Ilustração do corpo humano com órgãos visíveis e alimentos em destaque, além de uma medição de pressão arterial ao fundo.

Uma nova linha de evidência aponta para cima, em direção ao cérebro.

Investigadores em Montreal sugerem agora que aquilo que comemos pode desencadear uma reação em cadeia no sistema nervoso, aumentando a tensão arterial a partir de dentro. Esta descoberta não substitui o clássico conselho sobre o sal, mas reformula o próximo alvo dos tratamentos.

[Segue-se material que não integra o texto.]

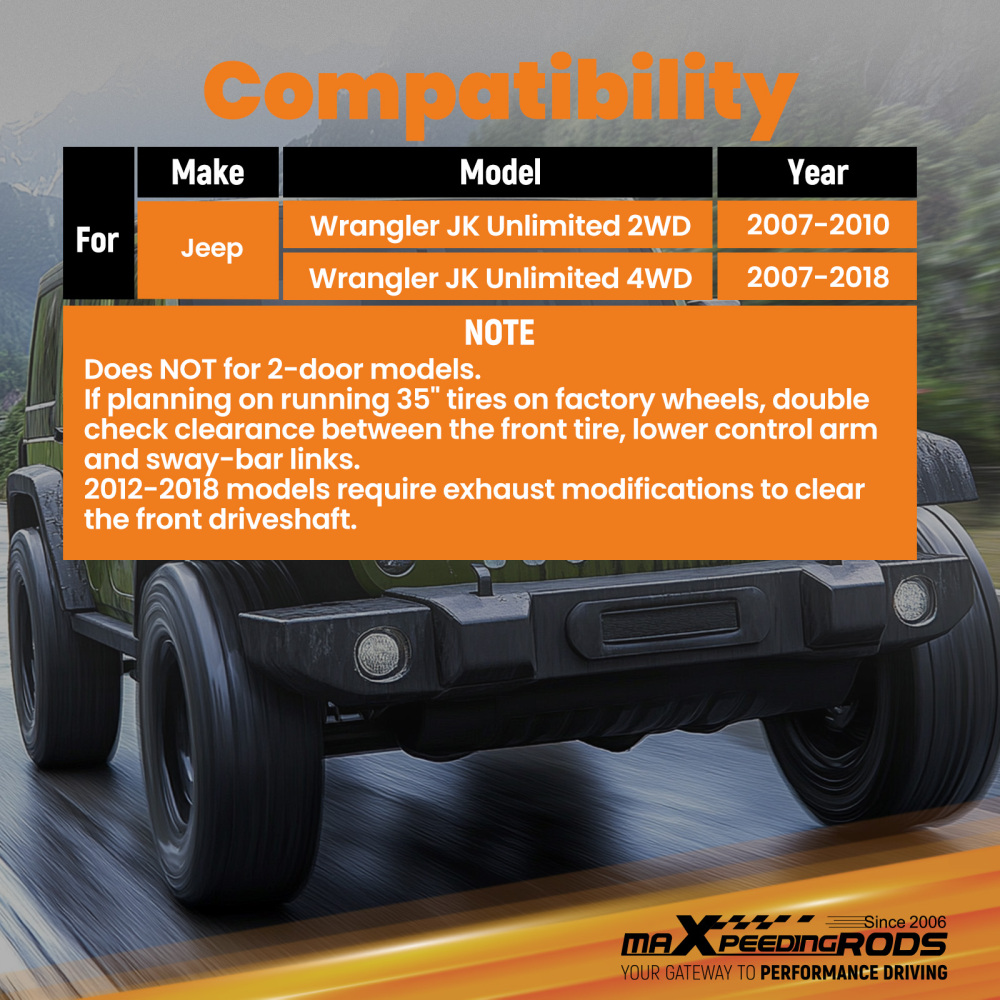 3.25 Lift Kit Complete compatible for Jeep Wrangler JK Unlimited 2007-2018 Front Rear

A mudança dos rins para o cérebro

Durante décadas, os rins foram o centro das atenções na hipertensão. Gerem fluidos, filtram o sangue e respondem a hormonas que apertam as artérias. Essa visão mantém-se. No entanto, um novo estudo em ratos da Universidade McGill, publicado na Neuron a 19 de agosto de 2025, coloca o cérebro como um fator determinante na pressão arterial sensível ao sal.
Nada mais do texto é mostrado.